TASK BRIEF:
Everything from the line with "Agricultural machinery, prepares" to the line with "photography, formal_outfit, baby_dress" in the listing below, both lines included, needs to be copied exactly, apart from the pictures.

SOURCE RECORDS:
========================

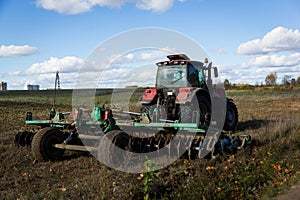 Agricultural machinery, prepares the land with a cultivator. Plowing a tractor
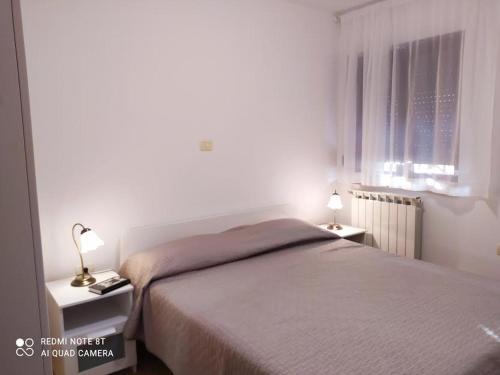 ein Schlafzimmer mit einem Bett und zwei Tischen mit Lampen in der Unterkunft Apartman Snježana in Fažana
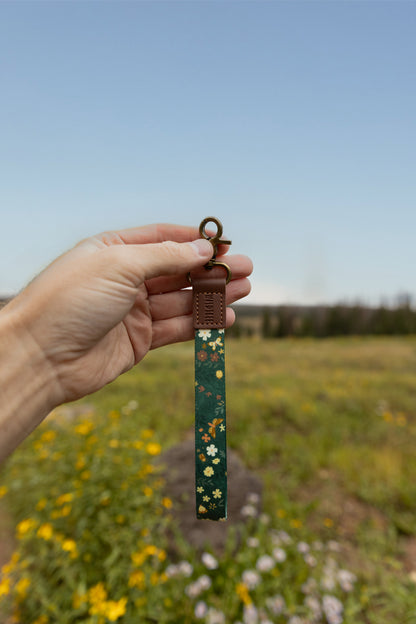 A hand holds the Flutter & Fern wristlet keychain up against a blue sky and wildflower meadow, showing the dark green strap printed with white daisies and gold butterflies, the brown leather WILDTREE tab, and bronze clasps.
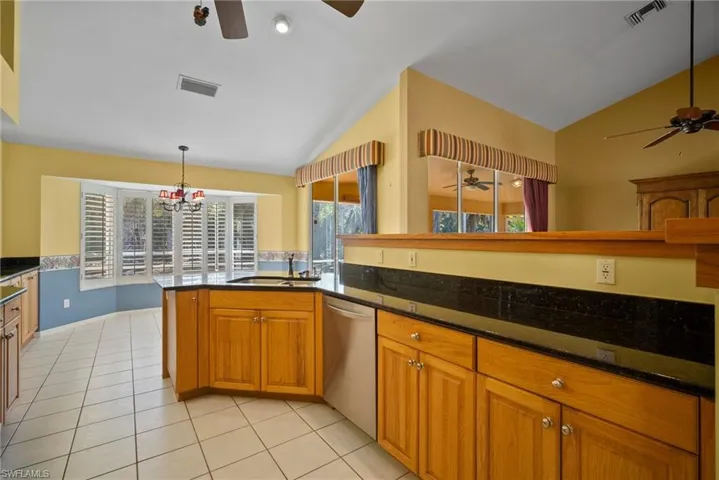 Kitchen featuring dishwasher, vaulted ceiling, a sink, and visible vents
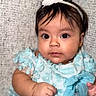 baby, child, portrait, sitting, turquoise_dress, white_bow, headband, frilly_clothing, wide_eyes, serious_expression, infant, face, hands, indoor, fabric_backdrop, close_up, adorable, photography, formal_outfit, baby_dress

========================

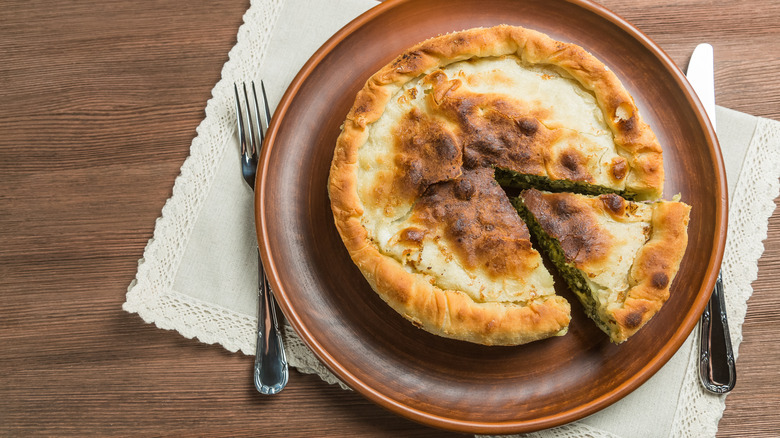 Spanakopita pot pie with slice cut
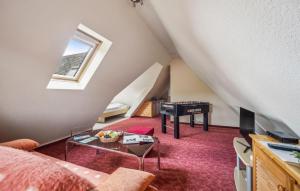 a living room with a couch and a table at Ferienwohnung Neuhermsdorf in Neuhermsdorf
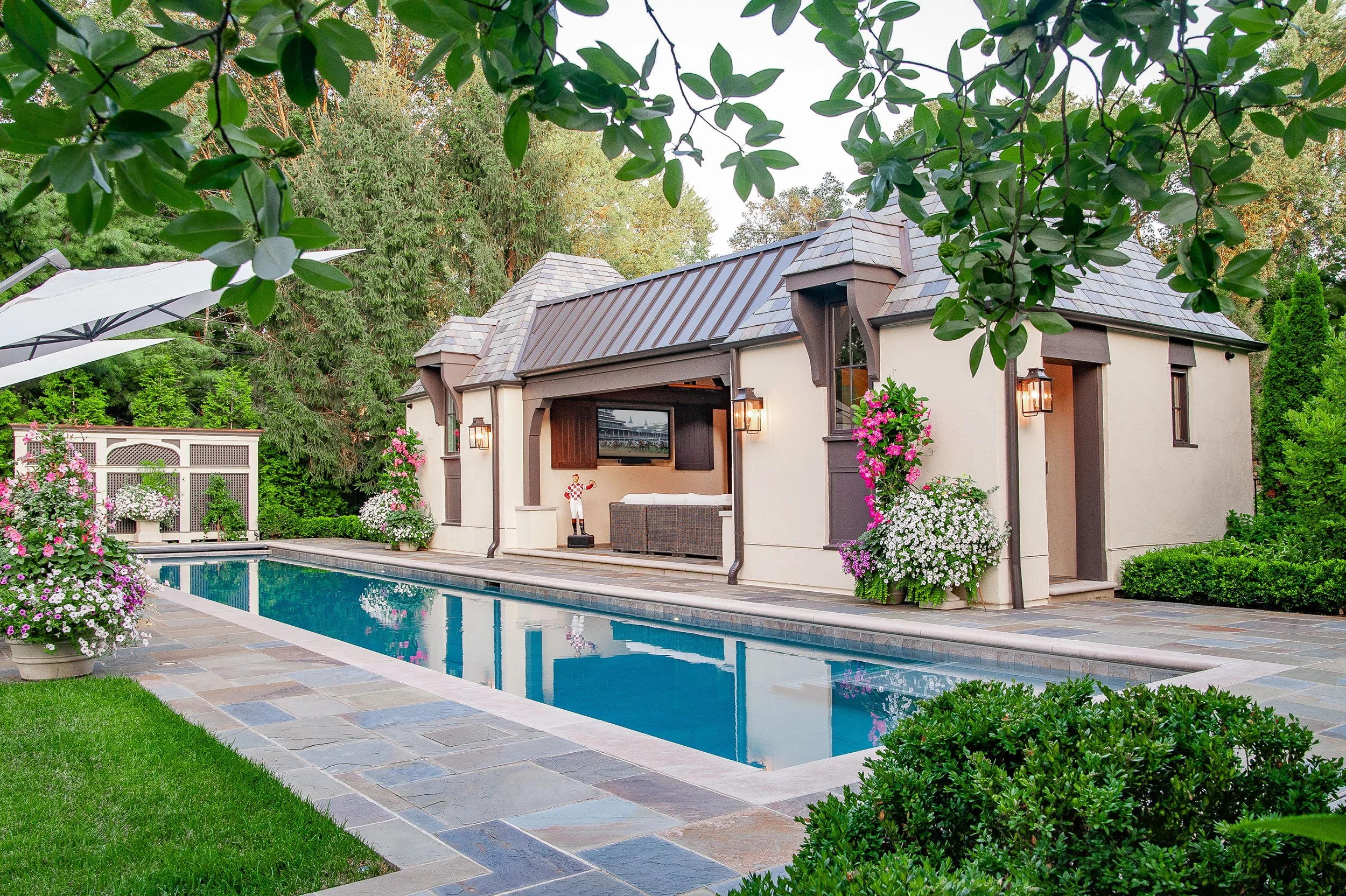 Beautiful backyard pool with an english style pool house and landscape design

========================

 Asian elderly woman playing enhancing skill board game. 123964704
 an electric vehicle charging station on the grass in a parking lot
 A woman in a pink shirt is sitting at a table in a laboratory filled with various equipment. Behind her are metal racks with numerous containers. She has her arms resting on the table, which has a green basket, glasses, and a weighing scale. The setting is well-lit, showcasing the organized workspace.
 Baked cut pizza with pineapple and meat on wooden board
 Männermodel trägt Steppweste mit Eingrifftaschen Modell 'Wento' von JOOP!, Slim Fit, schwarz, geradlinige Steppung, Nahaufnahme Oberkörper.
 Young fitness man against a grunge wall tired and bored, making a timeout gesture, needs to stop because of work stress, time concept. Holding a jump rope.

========================

SOLUTION TO THE PROBLEM:
 Agricultural machinery, prepares the land with a cultivator. Plowing a tractor
 ein Schlafzimmer mit einem Bett und zwei Tischen mit Lampen in der Unterkunft Apartman Snježana in Fažana
 A hand holds the Flutter & Fern wristlet keychain up against a blue sky and wildflower meadow, showing the dark green strap printed with white daisies and gold butterflies, the brown leather WILDTREE tab, and bronze clasps.
 Kitchen featuring dishwasher, vaulted ceiling, a sink, and visible vents
 baby, child, portrait, sitting, turquoise_dress, white_bow, headband, frilly_clothing, wide_eyes, serious_expression, infant, face, hands, indoor, fabric_backdrop, close_up, adorable, photography, formal_outfit, baby_dress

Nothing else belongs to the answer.